In a few weeks Rolls-Royce will test a Trent engine with a sustainable aircraft fuel produced by the American company World Energy from inedible oil and fat residues.
Sustainable fuel: Rolls-Royce opens a new stage
Since 2013 and after years of tests involving engine manufacturers, airlines and aircraft manufacturers, any airliner can use sustainable aircraft fuel (SAF) in a 50% blend with fossil fuel. It complies with the physical characteristics of fuels currently on the market for aircraft (Jet A and Jet A-1). The engine manufacturer Rolls-Royce has decided to move up a gear by putting 100% SAF fuel to the test. Rolls-Royce's objective is to open a new stage that should lead to certification for validated and authorised use on airliners.
Moving to 100% SAF fuel
In a few weeks’ time, tests on a Trent engine will therefore begin on the Derby test bench. The SAF used is produced by the American company World Energy from residues of inedible oils and fats. It is supplied by Shell Aviation and delivered by the Dutch company SkyNRG, which has joined forces with KLM to launch the construction of an SAF production plant in the province of Groningen in the Netherlands. The site aimed to supply 100,000 tonnes of SAF from 2022, while KLM committed to purchasing 75,000 tonnes per year. The current crisis may have upset the initial schedule and that of the similar project in which the IAG group was involved.

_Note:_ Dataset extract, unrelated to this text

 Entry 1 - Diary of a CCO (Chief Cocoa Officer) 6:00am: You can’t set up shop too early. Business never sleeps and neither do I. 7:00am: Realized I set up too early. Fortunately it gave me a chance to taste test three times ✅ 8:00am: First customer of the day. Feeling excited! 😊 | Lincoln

UltraFan in the firing line
These tests carried out by Rolls-Royce are also an opportunity to test the behaviour of its ALECSys demonstrator, acronym for Advanced Low Emissions Combustion System, whose characteristic is to improve the pre-mixing of air and paraffin before combustion and thus perfect the combustion process, with the result of lower NOx and fine particle emissions. The development of this system, whose tests began in 2018, to be integrated into the Advance3 and UltraFan programmes, was partly financed by the SAGE (Sustainable And Green Engine) programme as part of Clean Sky.